Amateur by name

The WAAA, like the AAA, was a wholly amateur organisation from the outset. All positions from secretaries to local committee members to coaches were honorary.

There was no prize money for competitors, although there were prizes. Medals were awarded and for some non-Championship races there were canteens of cutlery, furniture, or crockery to be won.

The strict amateur nature of the WAAA, along with its independence, was guarded fiercely as the WAAA Executive response to proposed restructuring of the British Amateur Athletics Board in the late 1960s shows:

“It is obvious that women’s athletics in Great Britain has not suffered by remaining amateur and we could not, therefore, agree at any time to our sport becoming professionalised.”
WAAA Executive

Ethel Scott is pictured here in 1929 in her Middlesex Ladies’ Athletics Club kit with the various prizes she won at WAAA competitions in the 1920s as a sprinter.
In 1930, Scott ran an 11.1sec 100m and a 7.45sec 60m, earning her a place in the England Team for the third Women’s World Games, making her the first black British woman to represent England and later Great Britain in international athletics. The 4 x 100m relay team of Ethel Scott, Daisy Ridgely, Eileen Hiscock and Ivy Walker won silver at the third Women’s World Games.

The changing landscape of international athletics was brought into focus at the 1976 Montreal Olympics. 19 of the 23 female British athletes had jobs around which training had to be fitted.

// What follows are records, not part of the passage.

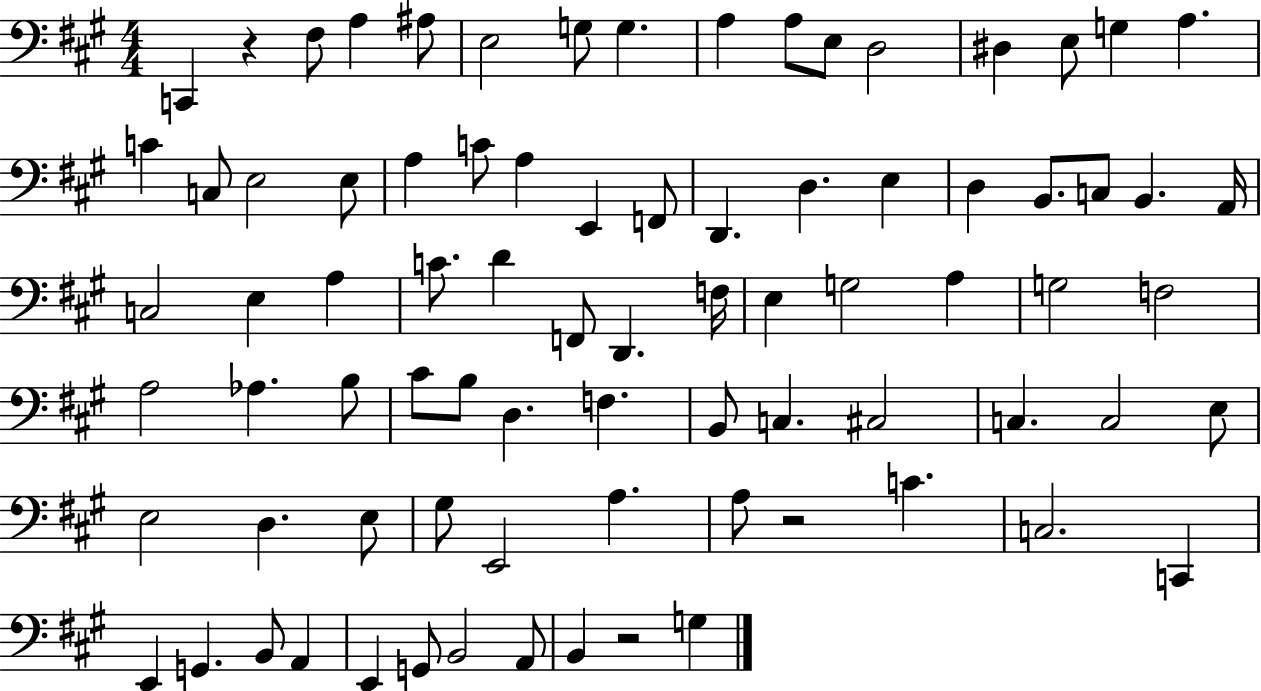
{
  \clef bass
  \numericTimeSignature
  \time 4/4
  \key a \major
  c,4 r4 fis8 a4 ais8 | e2 g8 g4. | a4 a8 e8 d2 | dis4 e8 g4 a4. | \break c'4 c8 e2 e8 | a4 c'8 a4 e,4 f,8 | d,4. d4. e4 | d4 b,8. c8 b,4. a,16 | \break c2 e4 a4 | c'8. d'4 f,8 d,4. f16 | e4 g2 a4 | g2 f2 | \break a2 aes4. b8 | cis'8 b8 d4. f4. | b,8 c4. cis2 | c4. c2 e8 | \break e2 d4. e8 | gis8 e,2 a4. | a8 r2 c'4. | c2. c,4 | \break e,4 g,4. b,8 a,4 | e,4 g,8 b,2 a,8 | b,4 r2 g4 | \bar "|."
}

They were up against state sponsored athletes who could devote all their time to training, and for the first time since 1932 the British women’s team won no medals at an Olympic Games.

The late 70s and early 80s began to see a shift, athletes competing for prize money were no longer banned by the WAAA from competing. Wendy Sly, distance runner and 3000m Olympic silver medallist at the 1984 Los Angeles Games began competing on the American Road Circuit in 1981, the first British athlete to do so, using the prize money from this to fund her training back in the UK.

By the 1990s the shift towards funding and professionalism of the sport was well on the way towards the model we recognise today.